* **INSTRUCTIONS FOR THE TASK**:
Copy every record exactly, with nothing left out.

* **Saved data entries**:
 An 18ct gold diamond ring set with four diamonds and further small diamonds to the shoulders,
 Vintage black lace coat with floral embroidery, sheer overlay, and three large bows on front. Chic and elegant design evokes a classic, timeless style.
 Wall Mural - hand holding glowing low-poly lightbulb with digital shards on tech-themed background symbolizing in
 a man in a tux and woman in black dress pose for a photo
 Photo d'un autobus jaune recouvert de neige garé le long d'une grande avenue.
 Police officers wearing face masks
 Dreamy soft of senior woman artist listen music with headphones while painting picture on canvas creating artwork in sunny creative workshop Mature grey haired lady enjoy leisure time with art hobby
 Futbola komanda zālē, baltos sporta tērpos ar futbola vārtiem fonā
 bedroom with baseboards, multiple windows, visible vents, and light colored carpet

* **SOLUTION TO THE EXERCISE**:
 An 18ct gold diamond ring set with four diamonds and further small diamonds to the shoulders,
 Vintage black lace coat with floral embroidery, sheer overlay, and three large bows on front. Chic and elegant design evokes a classic, timeless style.
 Wall Mural - hand holding glowing low-poly lightbulb with digital shards on tech-themed background symbolizing in
 a man in a tux and woman in black dress pose for a photo
 Photo d'un autobus jaune recouvert de neige garé le long d'une grande avenue.
 Police officers wearing face masks
 Dreamy soft of senior woman artist listen music with headphones while painting picture on canvas creating artwork in sunny creative workshop Mature grey haired lady enjoy leisure time with art hobby
 Futbola komanda zālē, baltos sporta tērpos ar futbola vārtiem fonā
 bedroom with baseboards, multiple windows, visible vents, and light colored carpet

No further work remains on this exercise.